For completeness, I've merged that info into the spreadsheet.
There was a time when it WAS free, back again circa 1965, when you had ABC, NBC, and CBS plus a smattering of independent stations. Then things started to erode the economic model of free TV...cable channels started siphoning off viewers and competing for advertising, then DVRs started reducing the value of advertising, and the internet caused cord cutting and people to watch via Hulu, Netflix, etc. Not all market driven changes will benefit the viewer.
And no, you are not a customer of the broadcasters, you are a customer of the distributor (i.e. DirecTV, Dish, Comcast, etc.), and you are not paying for the content, you are paying for ACCESS to the content, whether you actually watch it or not. If you buy more channels than there are people in the house and/or you don't watch TV 24 hours a day, you are buying access to programming you don't watch. All we are really discussing is how much stuff you don't watch you are willing to pay for. This is an important distinction. Your DirecTV or cable bill is buying access to X number of hours of content per month. It's up to you to shop around and buy the package that best meets your needs. However, you can only buy what is offered.
Another imperfect analogy: for years, people that used, say, a maximum of 100 minutes of cell phone usage were forced to buy the smallest package the cell companies offered (usually 400 minutes). Then along came pay-as-you-go plans and they had an alternative. The same situation applies here. Right now, the only way to buy access to programming is via a bundle that may give you more than you want. Maybe Intel will be the "pay-as-you-go" option for TV. Maybe the more general IPTV offerings will do that. If someone can figure out a way to make money doing it, then it will be done. If no one can turn a profit, then it won't. That IS the free market in action.
I disagree. You can cut back on the number of channels, eliminate the "added value" services like Whole Home DVR, DVRs themselves, and HD content. If there were no market for those services, they wouldn't be offered and we would all still be watching SD on our CRT TVs with RCA DRD480 receivers, and the cost of service would be much lower. But again, the market demanded more, so the MCOs delivered it. It comes at a cost.
Of course, as we have discussed earlier, you can opt out all together and go back to just OTA broadcasts...totally free TV. It is your choice.
Yes you do. If you buy a computer with Windows pre-installed you are paying for the OS even if you immediately wipe the hard drive and install Debian Linux. Your options are to find a vendor that sells computers without an OS (and yes, they do exist) or build a system yourself with components. Again, the free market has spoken and it said that nearly everyone that buys a PC wants Windows on it, so that is what the vendors produce and promote. That's how the market works.
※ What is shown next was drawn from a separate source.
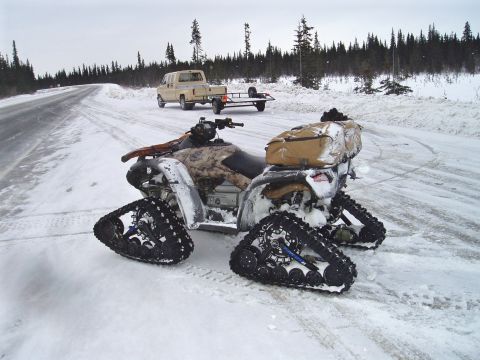 2000 Ford E350 - An ATV equipped with tracks sits on a snow-covered road beside a pickup truck towing a trailer.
Yes, America leads the world in computer software...my employer being one such firm. We are a relatively small company (around 100 employees) yet we compete against the giants of the industry. We compete through innovation and agility that the big firms can't match. There is PLENTY of competition in the software industry, just as there is in the entertainment industry.
It seems that your real complaint is that your particular needs are not being met to your satisfaction. Well, as Mick Jagger once said, "you can't always get what you want, but if you try sometimes, you just might find, you get what you need."
Sorry, won't ever agree with that. There is far too much hangup on specific words ignoring the underlying meaning and effect.
Take a premium channel. I buy or not buy depending on what the premium channel itself provides. The fact that I send the money to DirecTV and they pass it on is irrelevant. I am a "customer" of that channel.
My local phone company would like to sell me a complete bundle of phone, internet, and DirecTV. I would pay them and it would pass through to DirecTV. Your concept means I'm not a customer of DirecTV in that case.
When I buy anything I apply my vote to the company I'm buying from and that, in turn, applies to every company they buy from. When Broadcom makes a new chip they are directly responding to the requirements of any company that will buy it - which, in turn, is driven by requirements of the consumer that ultimately buys the end product. EVERY industry is like that.
Then we must agree to disagree. Sure, the consumer is the ultimate customer in everything, but the influence the consumer has diminishes as a function of distance from the firm in question. While what Broadcom makes is driven by the needs of (say) Pace Electronics, which are driven by the needs of DirecTV, which are driven by the needs of it's software programers, which are driven by the needs of the consumer, how much direct influence do you have over the business practices (which is what we are discussing here) of Broadcom? Can you reasonably insist that they sell lots of 20 chips for the same price per chip as lots of 20,000? Yet that is what you are trying to assert here - that as a customer of DirecTV you should be able to demand that their suppliers make it possible for you to buy TV content at a finer grain than it is currently offered.
In fact, you are not even saying that a given supplier must unbundle their offerings, but rather that you should be able to choose which supplier you get content from. That would be like telling DirecTV you want to only buy HD DVRs with components from Broadcom or Samsung and not from Sharp or Intel. Good luck with that.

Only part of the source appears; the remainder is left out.